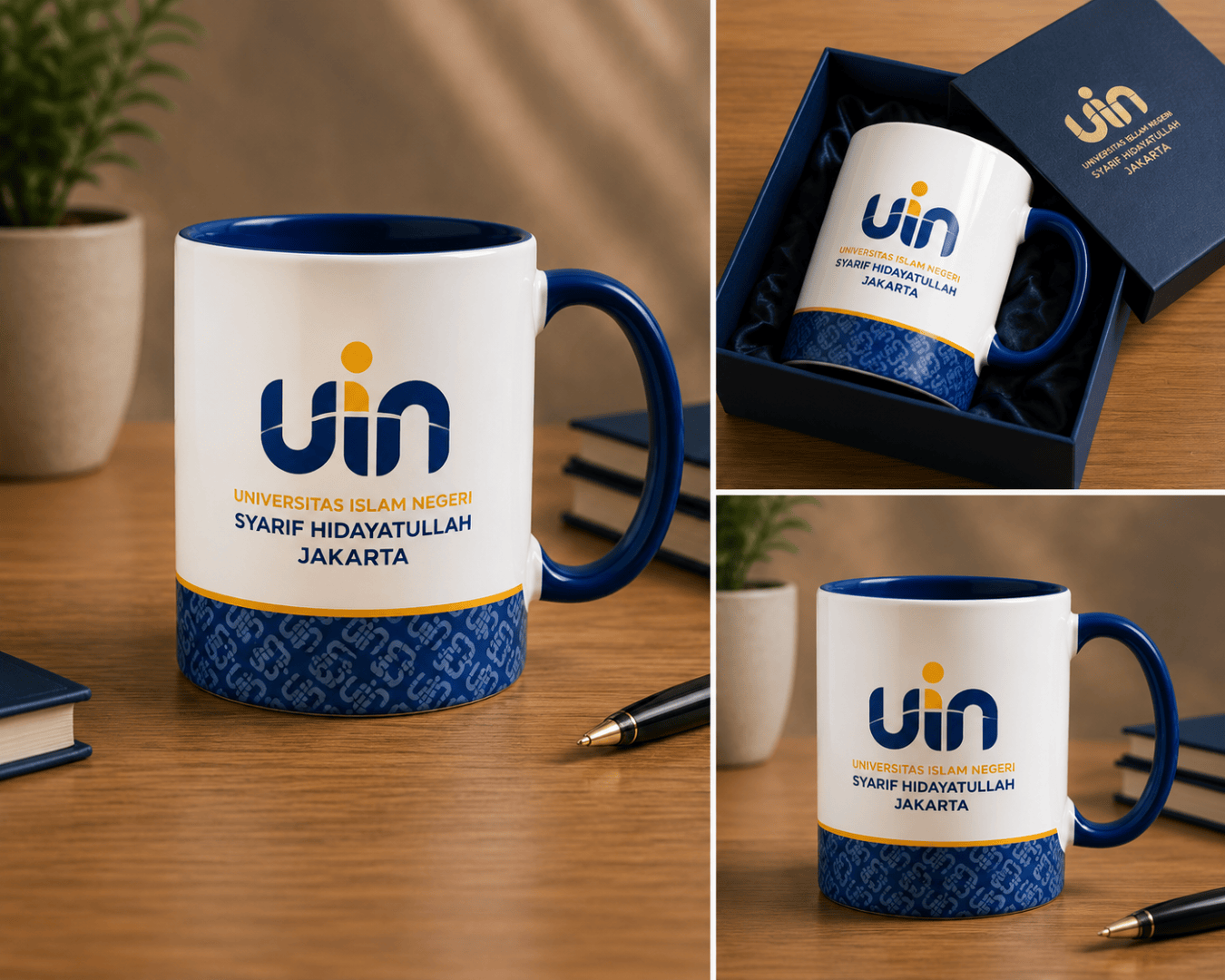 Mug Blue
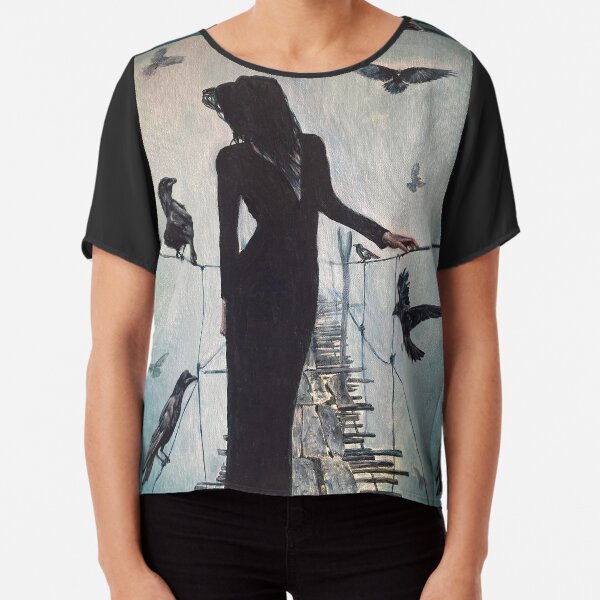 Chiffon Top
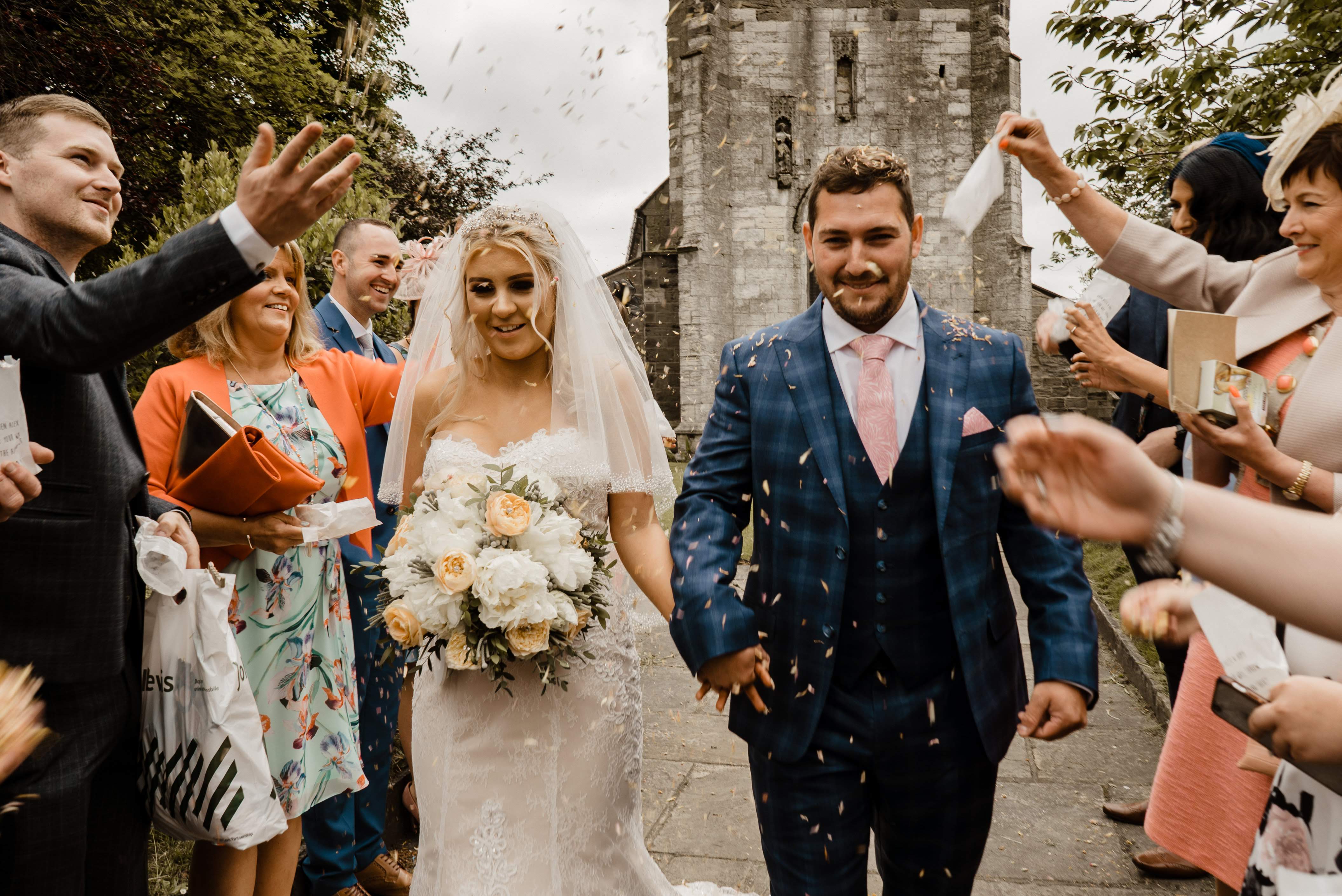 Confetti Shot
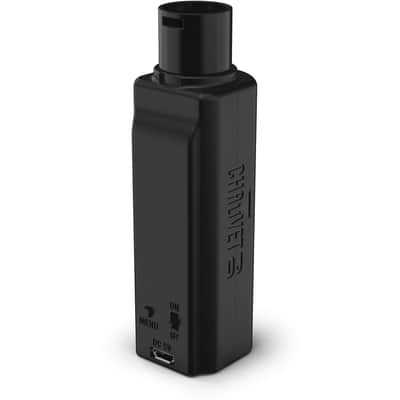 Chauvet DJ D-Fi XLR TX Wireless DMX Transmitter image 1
※ ※ ※
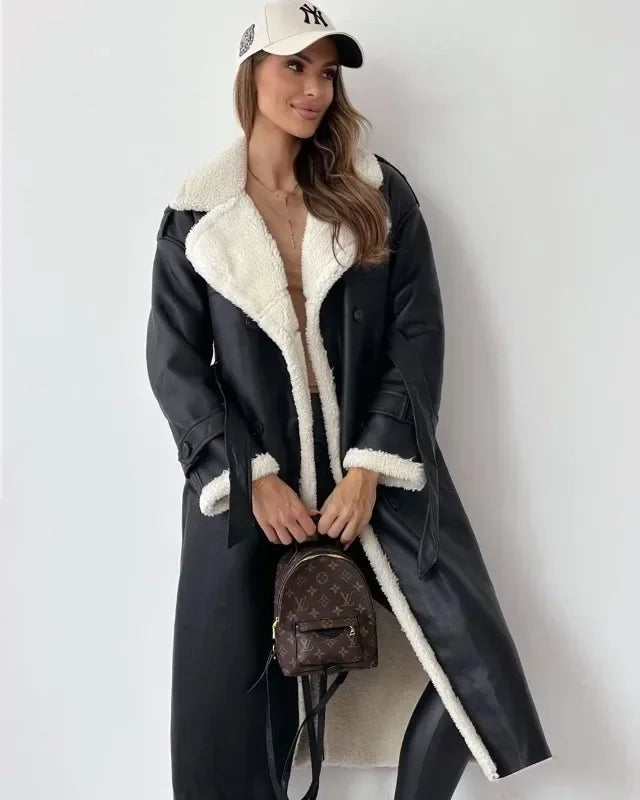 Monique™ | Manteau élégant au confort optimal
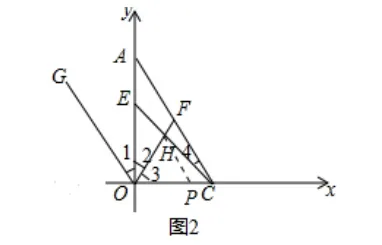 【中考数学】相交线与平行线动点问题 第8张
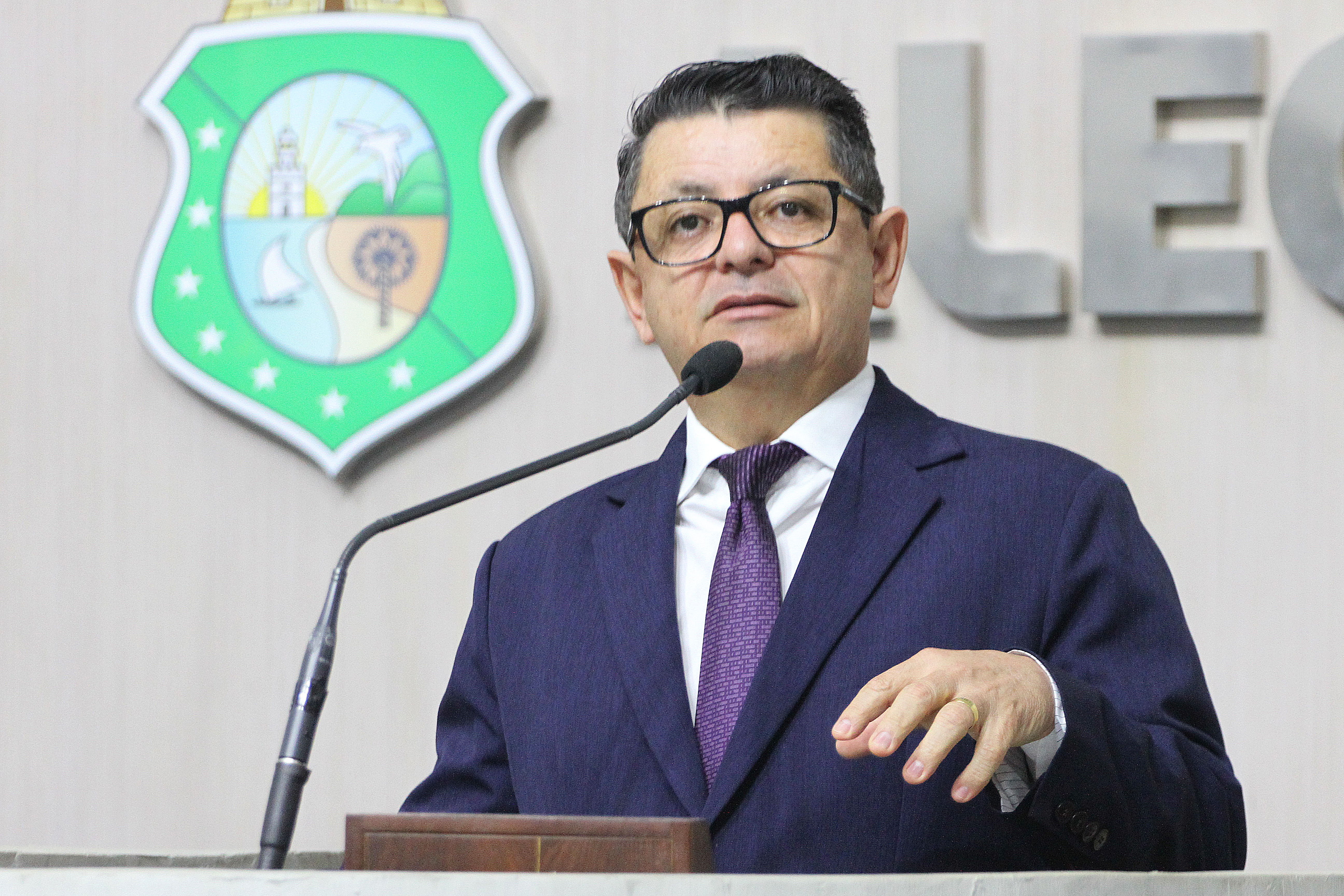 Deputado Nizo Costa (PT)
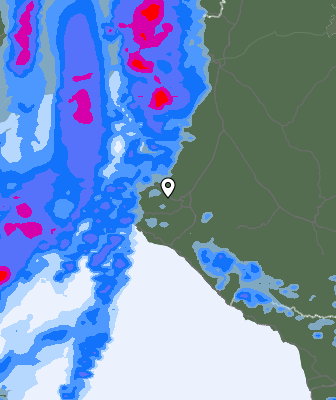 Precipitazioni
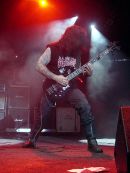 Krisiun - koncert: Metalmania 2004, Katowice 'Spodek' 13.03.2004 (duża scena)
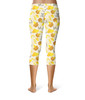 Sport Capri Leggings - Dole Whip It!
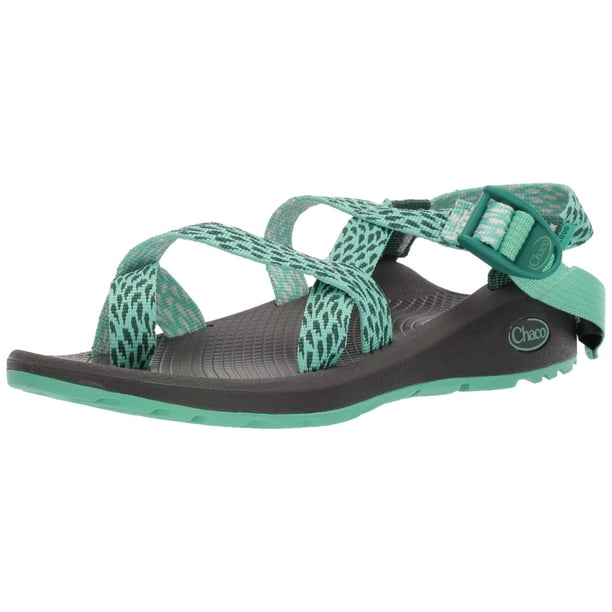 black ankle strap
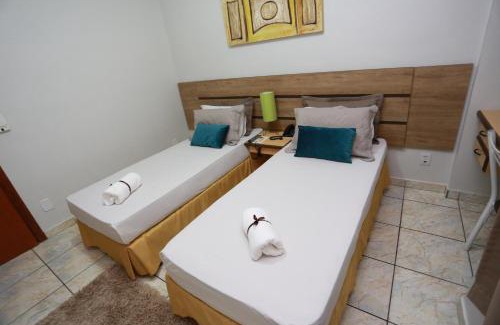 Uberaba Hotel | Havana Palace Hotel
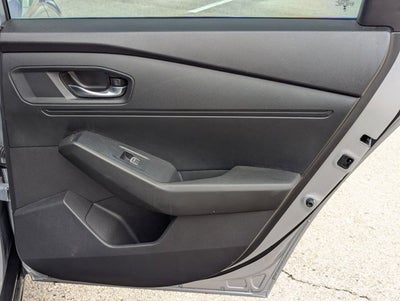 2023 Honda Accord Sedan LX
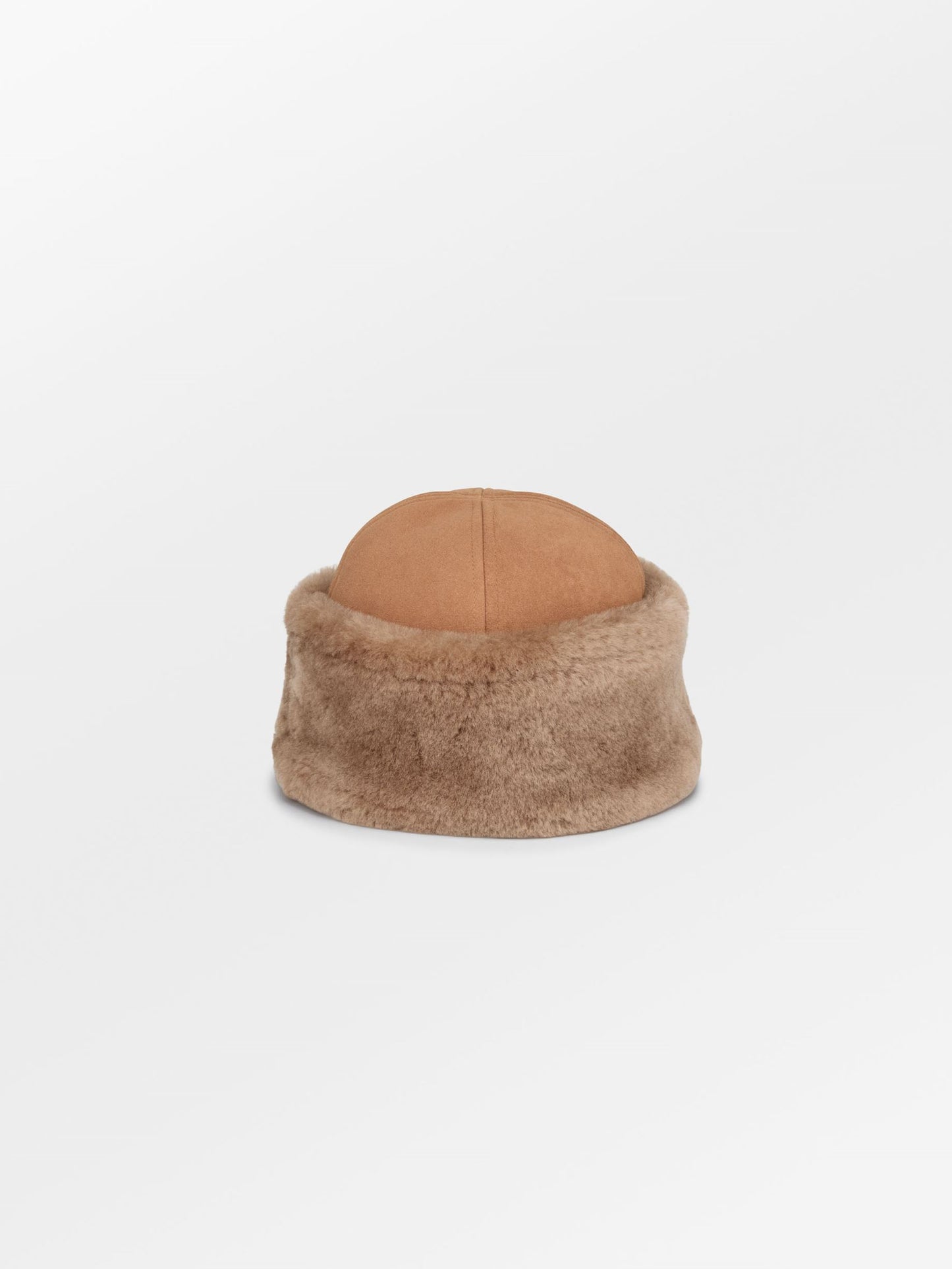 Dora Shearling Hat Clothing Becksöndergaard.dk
※ ※ ※
#### [EXERCISE INSTRUCTIONS]
The answer must be the lines above from the one containing "black ankle strap" through the one containing "Dora Shearling Hat", reproduced exactly, with no pictures and nothing else.

#### [SOLUTION]
 black ankle strap
 Uberaba Hotel | Havana Palace Hotel
 2023 Honda Accord Sedan LX
 Dora Shearling Hat Clothing Becksöndergaard.dk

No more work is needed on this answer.